Β. Σπανός (Αναπλ. Καθηγητής Τμ. Φυσικής ΕΚΠΑ)
Γ. Διαμάντης (Αναπλ. Καθηγητής Τμ. Φυσικής ΕΚΠΑ)
A. Δέδε (Καθηγητή Τμ. Φυσικής Παν/μιο Ιωαννίνων)
Κ. Σφέτσος (Καθηγητής Τμ. Φυσικής ΕΚΠΑ)
Ν. Τετράδης ( Καθηγητής Τμ. Φυσικής ΕΚΠΑ)
Α. Κεχαγιάς (Καθηγητής ΕΜΠ, ΣΕΜΦΕ )
Ν. Μαυρόματος (Καθηγητής ΕΜΠ, ΣΕΜΦΕ )
The recent data for Cosmic Microwave Background released by Planck collaboration provides us with new constraints in the study of inflation. Moreover, the recent observation of black hole merges by LIGO/VIRGO opens a new window in the study of Primordial Black Holes (PBHs). In particular, the production of PBHs, and as a result, an amount of Dark Matter (DM) in the Universe, can be explained in the context of inflation. This idea is adopted by numerous theoretical researches during the last few years. In addition to the important detection of LIGO/VIRGO, the future space-based experiment, such as LISA, will provide us with important results for the detection of Gravitational Waves (GWs). The generation of GWs can also be studied in the framework of inflation.

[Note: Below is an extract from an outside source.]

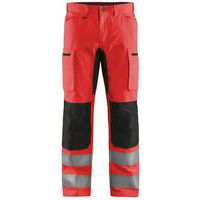 Highvis housut Stretch Huomio punainen/Musta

In this thesis we study the inflationary Cosmology and especially models which are embedded in supergravity theory (SUGRA). Specifically, we study inflationary models which are capable to explain the generation of both PBHs and GWs. These models should have an enhancement in the scalar power spectrum. In order to achieve this reinforcement, we use three different mechanisms. The first one is characterized by an inflection point in the effective scalar potential. The second concerns step-like feature in the potential. Finally, the last mechanism is based on the waterfall regime in the study of hybrid models.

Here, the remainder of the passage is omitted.